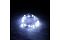 Электрогирлянда "Нить" 20хол LED ламп РОСА,серебр пр-д,2 м,на бат-x(не входят в к-т) с пультом 55105  VEGAS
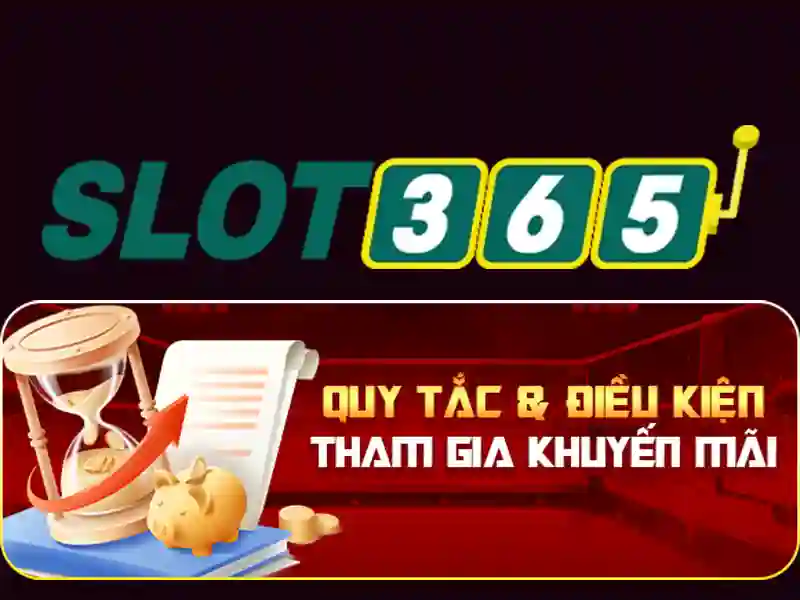 Slot365 an toàn không – Đánh giá từ cộng đồng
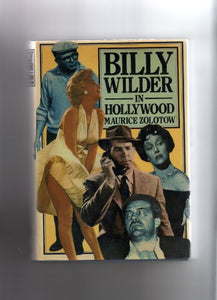 Billy Wilder in Hollywood 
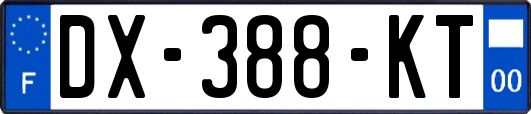 DX-388-KT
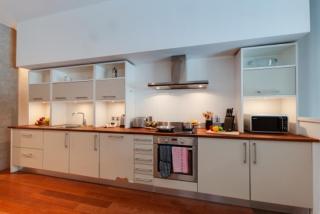 3 Bedroom Apartment Central Liverpool - Liverpool - 9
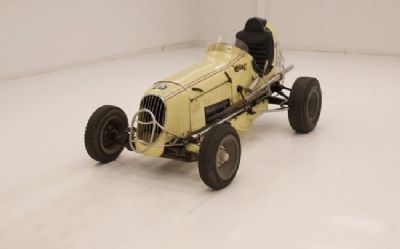 1932 Ford Midget Race Car 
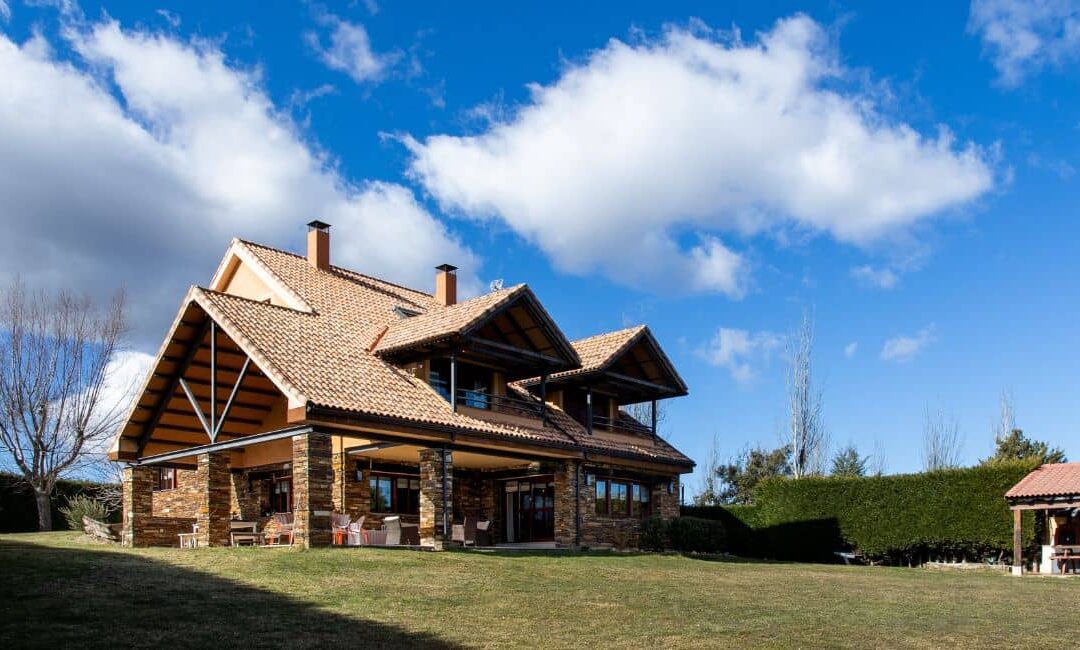 Alojarte en una casa rural en Riaza, una experiencia enriquecedora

....

Copy exactly, please, the lines that run from the line holding "1932 Ford Midget Race Car" through the closing line of the material above, omitting every picture.

▶ [RESULT OF THE TASK]
 1932 Ford Midget Race Car 
 Alojarte en una casa rural en Riaza, una experiencia enriquecedora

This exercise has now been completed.